Home on the Range
July 28, 2013
Tweets arrive regularly in my garden, via bird.
They seem cheerful enough, though hard to translate. Much like the tweets that arrive via phone. Intriguing, if hard to grasp.
They're full of hashtags, @ signs and unlikely trends, like bun-rolling.
Which sounds promising. I've long admired those morning buns that meld two traditions — the buttery croissant and the crumble-topped cinnamon roll — into a single swirl of breakfast deliciousness.
Morning buns are popular at bakeries plagued by leftover croissant dough. A problem I aspire to but do not share. So I switch to puff pastry, which is available in the freezer case, all the time.
I unfold it flat and smooth on a layer of cinnamon crumble. Then, attempting trendy, I roll, vigorously, and bake.
The hot buns come out of the oven flaky, sweet and cinnamon-crumbled. They're good enough to tweet.
Though, I hear, this is not what's meant by bun-rolling.
Prep: 20 minutes
Bake: 30 minutes
Butter, for pans
½ cup chopped pecans, toasted and cooled
¾ cup sugar
1 1/2 teaspoons ground cinnamon
1 teaspoon finely grated orange zest
¼ teaspoon salt
1 package (about 1 pound) all-butter puff pastry, such as DuFour brand, defrosted
Butter a 12-muffin tin.
In a small bowl toss together nuts, 1/2 cup of the sugar, cinnamon, zest and salt.

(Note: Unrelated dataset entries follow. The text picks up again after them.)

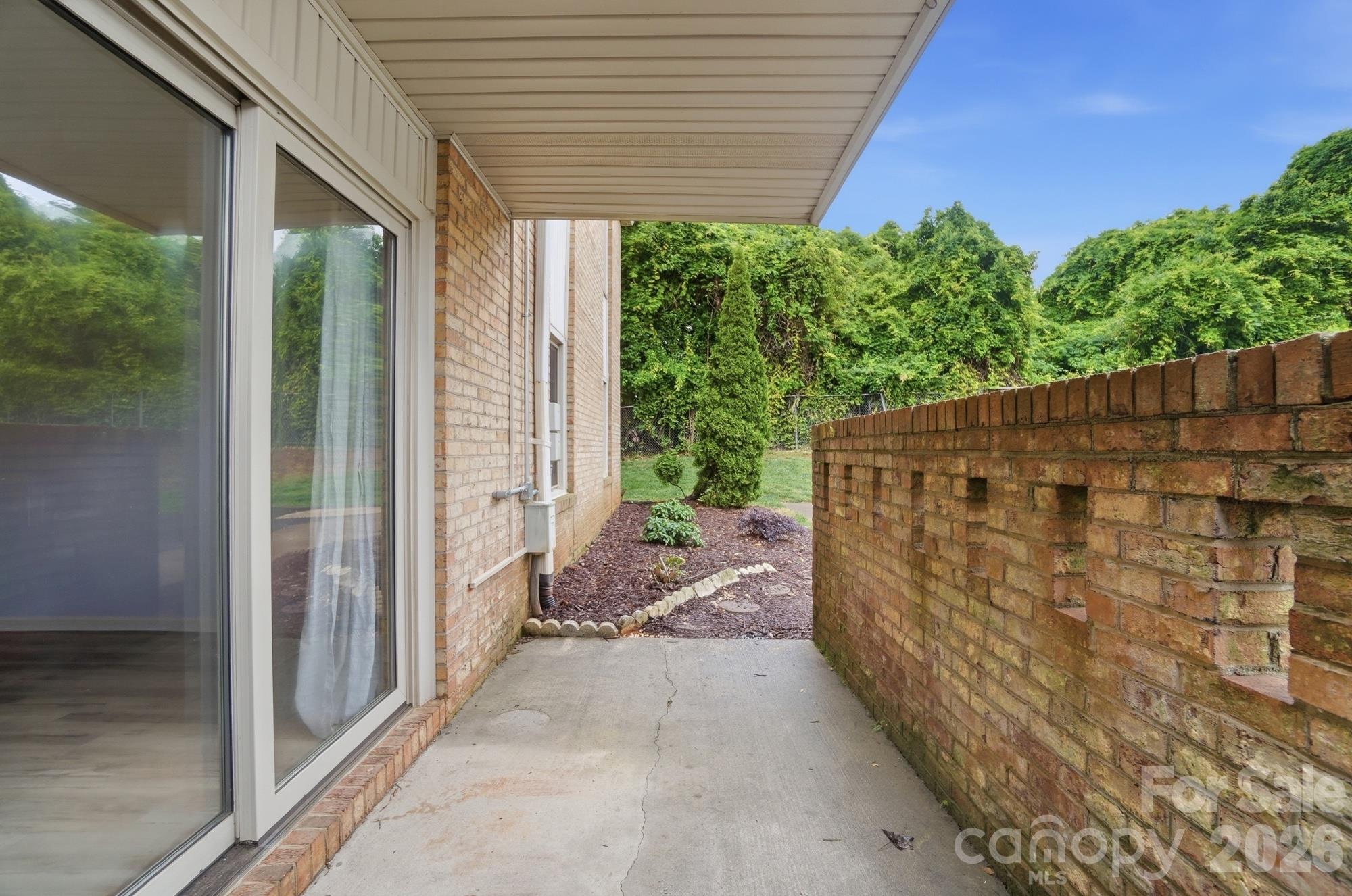 4754 Hedgemore Drive N Property Photo 42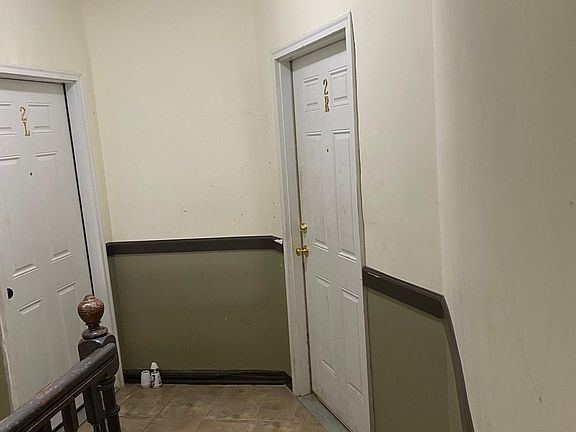 3rd image of 137 Parker St APT 1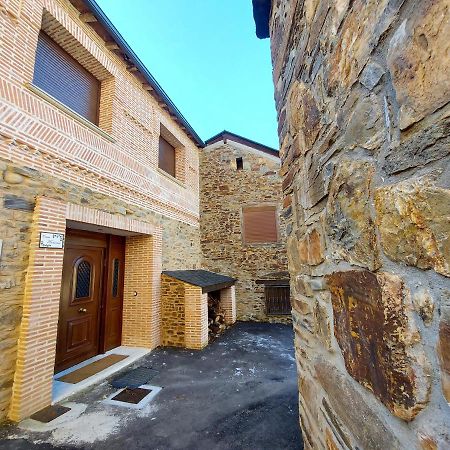 הוילה Santa Marina del Sil Casa Honorio מראה חיצוני תמונה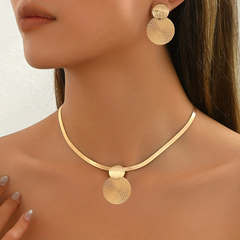 🔥 50% reducere 💎 Set colier și cercei modern și elegant ✨ Elegant și clasic, potrivit pentru purtare zilnică și petreceri 🌿
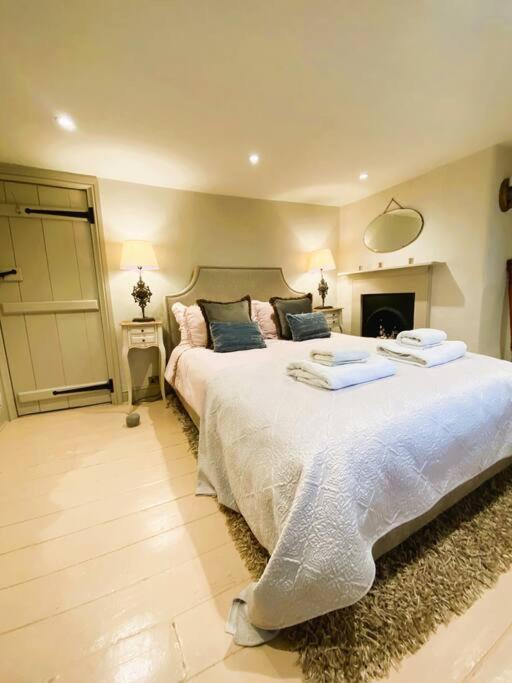 Beautiful Immaculate Aldeburgh Cottage, Sunny Outdoor Space, Free Parking - Easy Walk To Beach & Town Eksteriør billede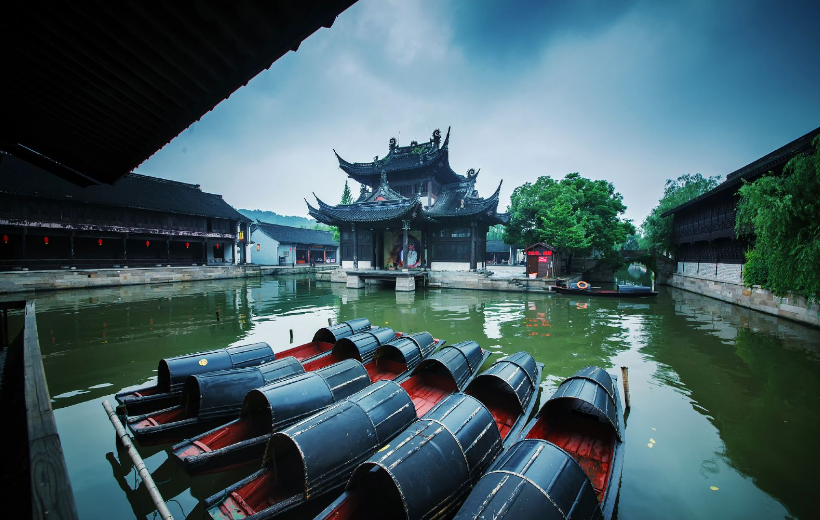 古朴雅致的石桥横卧于小河之上,一只只乌蓬船悠然的在稽山鉴水中徜徉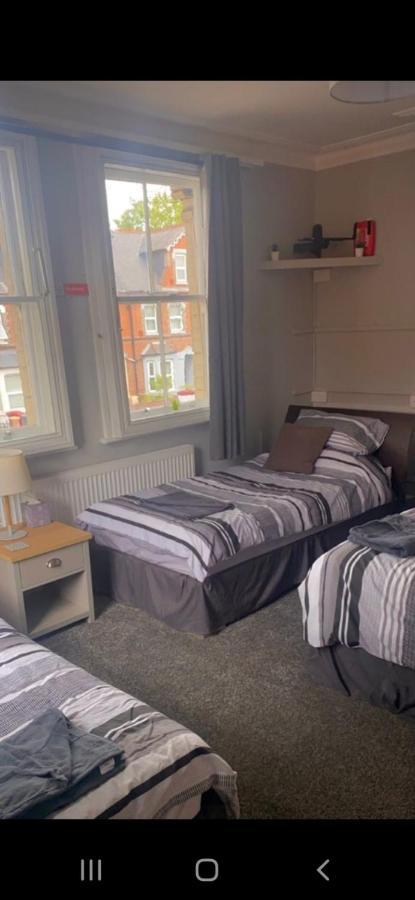 Caversham Lodge Reading Esterno foto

On a lightly floured work surface, unfold puff pastry to a rectangle. Scatter on nut mix, pressing gently.
Starting at one long edge, roll up pastry into a log. Slice crosswise into 12 pucks, each about 1-inch thick. Set pucks into muffin tin, twirl-side up.
Slide into a 375-degree oven and bake until fully puffed and golden, about 30 minutes. Turn out. Pile buns into a big bowl. Sprinkle with remaining ¼ cup sugar, tossing to coat. Devour warm.